The incredible, if not fortunate Juan José Padilla…
There was a brief respite today with the weather in Madrid as it rained. I’m not sure I recall ever seeing rain here. It meant that the temperature dropped to the very comfortable mid-70’s. No such comfort for the crew who were loading in after another long overnighter and the dust bowl that is the Malaga bullring. Our regular late Spanish departure from Madrid meant we arrived at the venue at around 7:30. Tonight’s show was scheduled for 10:30pm. The latest yet. We were all looking forward to seeing Chris Ortiz who is our promoter for the next two shows, but also Vicente Amigo who along with his son and a couple of friends was coming to the show tonight.
The first stop for the band was of course catering and I asked Georgie what I was going to have and she pointed without hesitation at the Calimari and Shrimp Squid Ink Pasta with white wine and cream sauce. Chris pulled me to one side so I could see him whip up this little bowl of heaven. It took all of two minutes before he handed me the dish. It was utter bliss. The Touring Cookbook has definitely been well received by the crew and band and it seems everyone is looking forward to trying out a few of the recipes at home after the tour.
Once I’d polished that off I headed outside and bumped into Vicente who was just arriving. Muchos abrazos. It was so great to see him. He bought along with him a guitar which he handed to Mark, as a gift. Mark was
as you might understand, overwhelmed. Vicente had commissioned four guitars to be made by a new luthier in Mexico and this was no.3. The luthier who made Vicente’s original guitar has retired from building but had told Vicente that this guy in Mexico was the best and the only luthier who should be building these guitars. It’s a beautiful instrument.
Pretty soon, showtime was upon us and the crowd had completely filled the bullring and were, as is always the case here in Spain, excitable.

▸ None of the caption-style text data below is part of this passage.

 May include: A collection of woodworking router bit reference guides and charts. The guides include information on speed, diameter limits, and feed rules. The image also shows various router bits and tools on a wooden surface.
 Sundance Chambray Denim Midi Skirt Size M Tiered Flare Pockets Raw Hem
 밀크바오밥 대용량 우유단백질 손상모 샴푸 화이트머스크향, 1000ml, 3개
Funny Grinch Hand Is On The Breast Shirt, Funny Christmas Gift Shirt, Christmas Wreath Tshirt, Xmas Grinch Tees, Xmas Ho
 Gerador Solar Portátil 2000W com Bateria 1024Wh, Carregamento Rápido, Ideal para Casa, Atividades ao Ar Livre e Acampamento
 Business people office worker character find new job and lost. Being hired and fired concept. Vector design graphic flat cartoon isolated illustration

We took to the stage at 10:30pm exactly to an almighty roar and huge clouds of dust kicked up by the standing crowd and blown around the arena by the sea breeze which still had some punch. With the wind gusts audible on the vocal microphones we hammered our way through an incredible set which seemed to be utterly relished by this 9,000 strong Malaga crowd. A truly incredible experience that matched anything the band did in the days of DS in the 80’s and 90’s, the current line-up notched up show number 68 of the tour and it was as fresh in every way as the very first. What a band this is.

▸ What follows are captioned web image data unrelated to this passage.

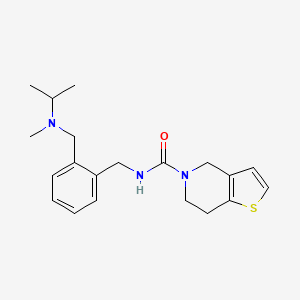 molecular formula C20H27N3OS B6902094 N-[[2-[[methyl(propan-2-yl)amino]methyl]phenyl]methyl]-6,7-dihydro-4H-thieno[3,2-c]pyridine-5-carboxamide 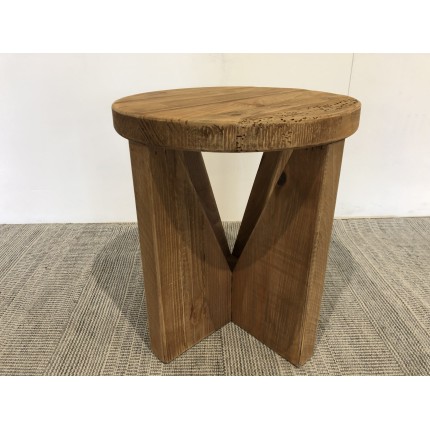Round stool 40x40cm recycled pine wood SANDY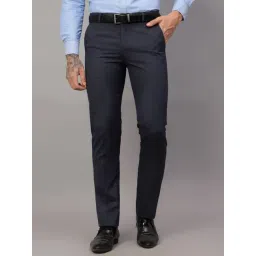 Cantabil Navy Blue Regular Fit Checks Trousers-picture-30
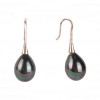 Sterling Silver Shell Pearl Drop Earrings | Black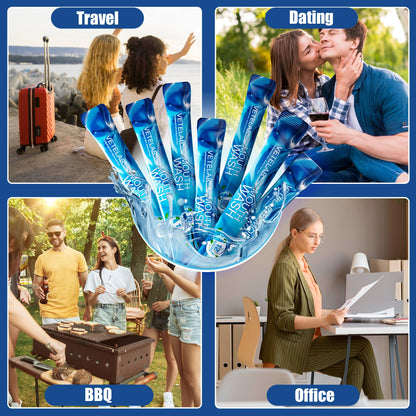 Travel-Size Mouthwash Packets – TSA-Approved Mini Mint, Alcohol & Fluoride-Free (30 Pack)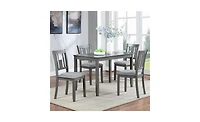 Wooden Dining Chairs Set of 4, Kitchen Chair with Padded Seat, Upholstered Side Chair for Dining Room, Living Room, Gray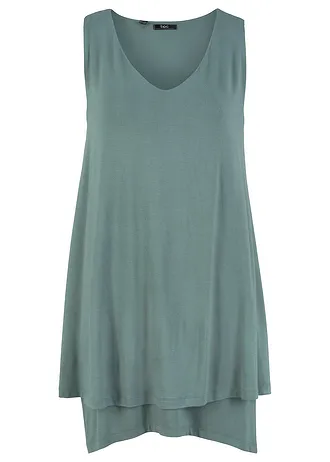 Top lung cu aspect suprapus din amestec cu viscoză • verde eucalipt • magazin bonprix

Our runner was slightly awkward as the roads around these bullrings can often be narrow and with about a million waiting taxi’s, semi-blocking our way the exit was painfully slow, then there were the traffic lights. It seemed like we waited an age at three sets before getting more than 30 yards from the building. Inevitably, we were spotted by a few exuberant fans who tried their hardest to coax us into signing autographs, with 9,000 people pouring out of the bullring, it was suddenly dangerous to remain stationary. With the help of a few quick thinking security guys from the venue and promoter, we were away and on our way back to the airport for the return trip to Madrid.
A day off tomorrow, the final one of this incredible tour and I could think of few better cities in which to spend it.